I want to work on something that I’m truly proud of. I was a great “program coordinator” at DBP; I don’t consider myself a great coach. I had a pretty good middle-distance/distance system that developed some pretty good talent there but I’m still working on the “out-of-the-box” ideas and the solutions to the shortcomings of my system and myself. There’s more to see but I’ve always been a product of the systems I’ve been in. In HS I was good, but I was just good for a kid from Park Ridge – never anything “great” as a student or an athlete. I went to college and failed as a college athlete – it was systemic and personal – and I failed as a college student. My shortcomings as a college student led to me failing to advance early in my career; I then worked within a system that failed me as a teacher, even though I had great colleagues and friends, I didn’t have mentoring and professional development and I lost my way. I left that job and took another chance, and another, and another – each time trusting people to provide for me and when they didn’t I blamed them – and the system, instead of taking responsibility. I was trusting and naive when I should have been skeptical and pragmatic. From promises of employment to promises of advancement to promises of support, the system(s) failed me again. Ultimately, these stumbles and falls led me to where I am now – and I’m in a place of support and within a system that wants me to succeed. A system that sees who I am and what I can do and is helping me become the best version of myself; not leaving me to my own devices. A system that wants to find ways and situations for me to help; not a system that I can’t be successful in.
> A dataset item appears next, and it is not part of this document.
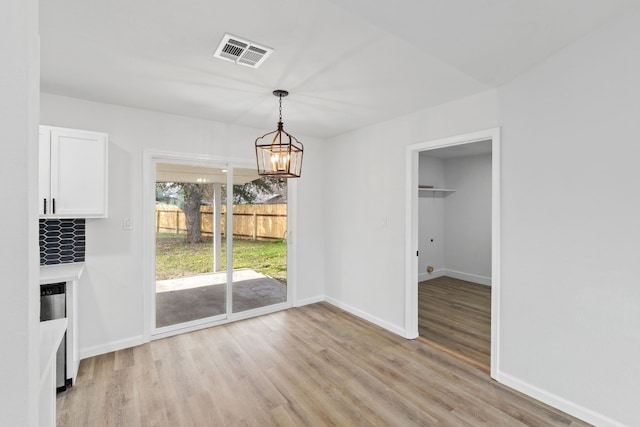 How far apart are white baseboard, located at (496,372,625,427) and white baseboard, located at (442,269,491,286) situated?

I’m finding my way – maybe for the first time – and I’m excited for what the future holds; that excitement and passion is what I need to follow and the fuel for my happiness and I can’t follow my heart (or my dreams) when things are standing in my way! It’s time – at 41 – to do “Whatever It Takes” to be who I am, and to live a happy life. Hopefully, this is where the searching ends and the discovering begins. For the first time in my life, my faith, my hopes, my goals, my dreams and my situation are all in alignment. Now, to continue the journey!